Task objective: All of the data should be restated word for word, with the pictures omitted.

Recorded information:
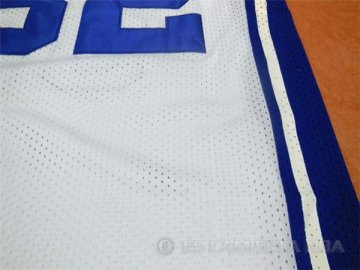 Camiseta Duke Laettner #32 NCAA Blanco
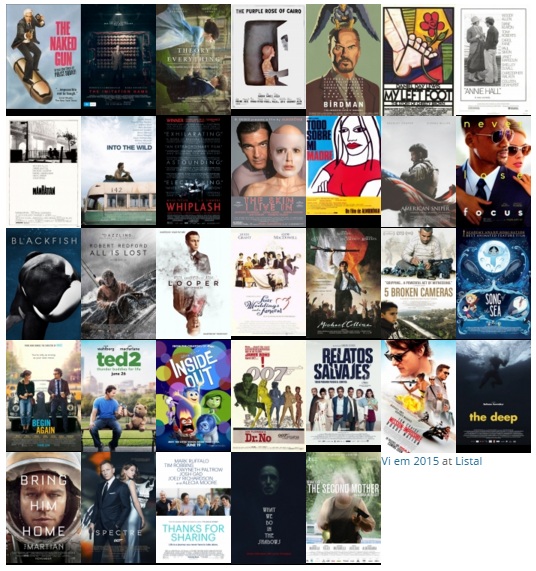 19 filmes incríveis para assistir no cinema ainda em 2015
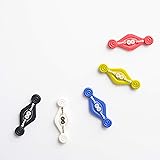 コードにつけられるマグネットクリップ Cord 0（コードゼロ）by コードハチマキ (5色セット)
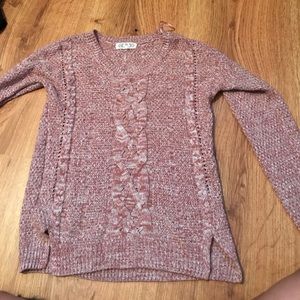 Long sleeve knitted top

Result of this task:
 Camiseta Duke Laettner #32 NCAA Blanco
 19 filmes incríveis para assistir no cinema ainda em 2015
 コードにつけられるマグネットクリップ Cord 0（コードゼロ）by コードハチマキ (5色セット)
 Long sleeve knitted top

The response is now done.